Dr. Fualal Jane Odubu who performed the first operation on Nankabirwa at Mulago at the time of her admission, said the deceased’s physical structure and appearance had changed.
She was diagnosed with Cushings syndrome which is a disease resulting from fractures in the adrenal gland and cancer.
Dr Odubu said Nankabirwa’s adrenal gland had turned to gold yellow and its size was 12 cm big, compared to a normal one (2cm).
It’s at this point that she noticed the severity of Nankabirwa’s case and recommended that her gland be tested in three different laboratories in and outside Uganda for conclusive results.
Upon return, the specimen had been diagnosed with adrenal cortical carcinoma cancer, a common type of cancer in kids.
The deceased’s cancer was at stage four at the time. Dr. Odubu said it took her two days to tell Nankabirwa’s mother about the results for fear of her reaction.
“By February 10 when Rosemary was brought back in the Intensive Care Unit, she no longer afforded a smile and being as lively as she was weeks back. Her lungs and liver had shut down,” said the doctor.
“Nankabirwa’s problem had started way before when she was in London because her face had changed color even if she never knew. She had disclosed to me that doctors in the UK diagnosed and were treating back ache. It was her wish to keep her condition unknown to the public and the media,” Dr Odubu stated.
Rebecca Nakayisa Kibirige, mother of the deceased, thanked everyone who gave in physical, spiritual as well as financial assistance to help her fallen daughter.
She added that for the time she had spent with her in hospital, she noticed that cancer means pain and high financial expense due to its costly treatment.
She expressed her gratitude to doctors who gave their all, adding, “we can’t begin questioning God’s plan for Rosemary.”
The mother narrated that she insisted that her daughter returns home during last year’s Christmas so that they can try alternative medical treatment here in Uganda.
She said “the Rosemary I received at the airport was very different, her bones were weakened.”
Mrs Nakayisa said Nankabirwa was always complaining that her mother and close friend Rhoda were holding her at Mulago Cancer Institute yet she needed to be released.
On her flight to Nairobi over the weekend, said Nankabirwa’s mother, the deceased tried to sing her favourite gospel song, ‘Says Yes’ by Michelle Williams, but instead changed to ‘When Jesus says no, nobody can say Yes’.
Hon.
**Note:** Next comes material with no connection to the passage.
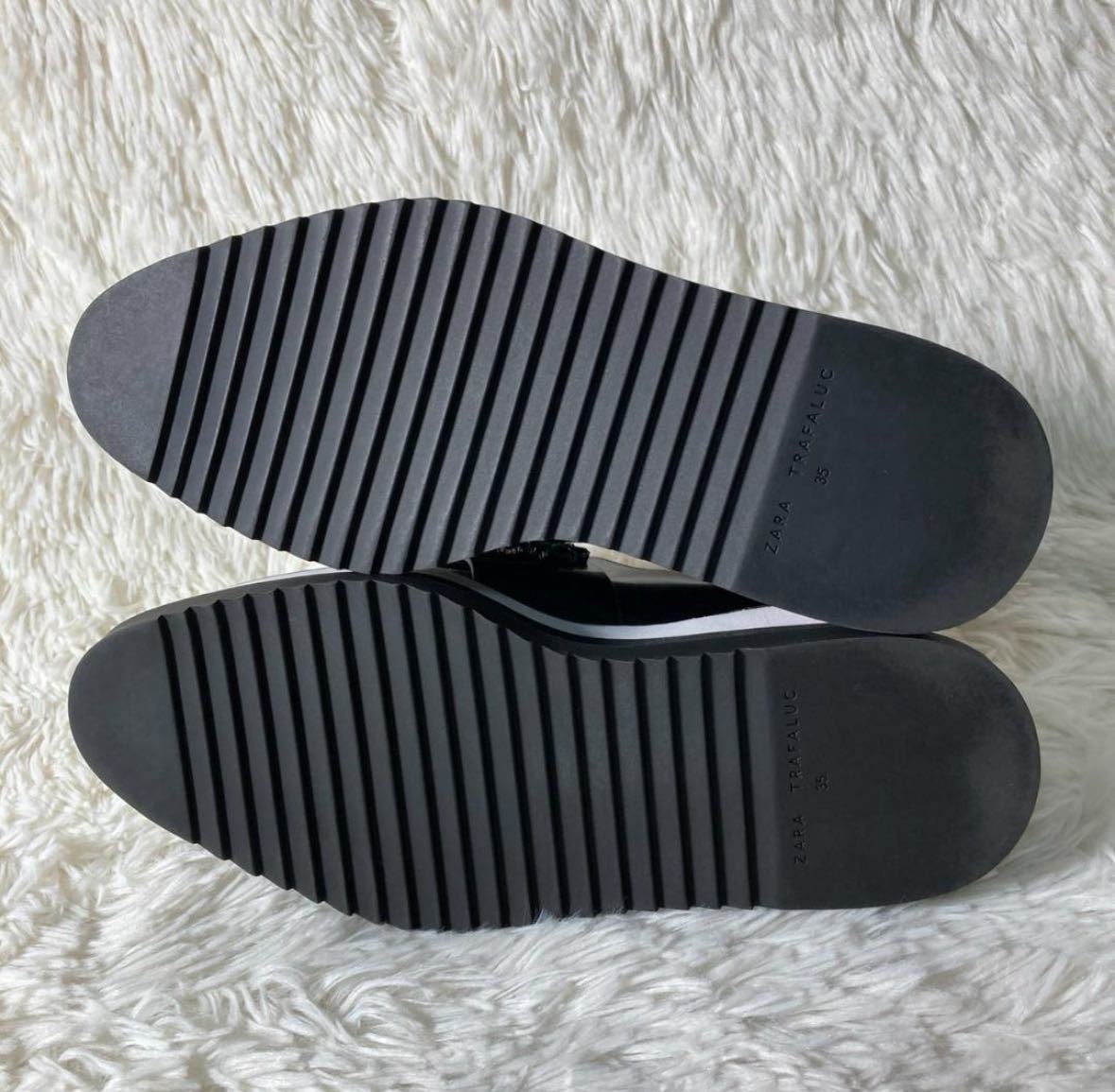 アパレル】 極美品 ZARA ザラ 厚底 ビジュー ローファー 黒 アパレル】 極美品 ZARA ザラ 厚底 ビジュー ローファー 黒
Ruth Nankabirwa who represented government said she was shocked at the news about her namesake’s illness because it was abrupt.
”Like a rose, she was very charming but still very tough (strong) like the thorns of a rose,” the government Chief whip added.
She called on mourners to make it a habit to go for routine checkups as opposed to the usual tendency of going to see doctors after falling sick.
Hon. Nankabirwa also highlighted that not all hope is lost because there are many testimonies of people who have recovered from the various types of cancer.
She said government is in plans of establishing a Cancer Institute of excellence in the region in addition to expanding Mulago Referral Hospital.
Nankabirwa was born on January 4, 1978 to Rebecca and Brian Kibirige. She attended Kenya School of Professionalism and Andrew Crawford School of Journalism in Kenya.
She returned to Uganda at the beginning of 2005 and worked with various media houses, the latest being NTV Uganda up to 2011 when she went to the UK University of London where she was pursuing a Masters in Journalism and Communication.
There will be a night vigil on Monday night at their home in Kanyanya off Gayaza Road where public viewing of her body will take place.
On Tuesday, her body will be laid to rest in Kanoni along the Masaka – Kyotera Road.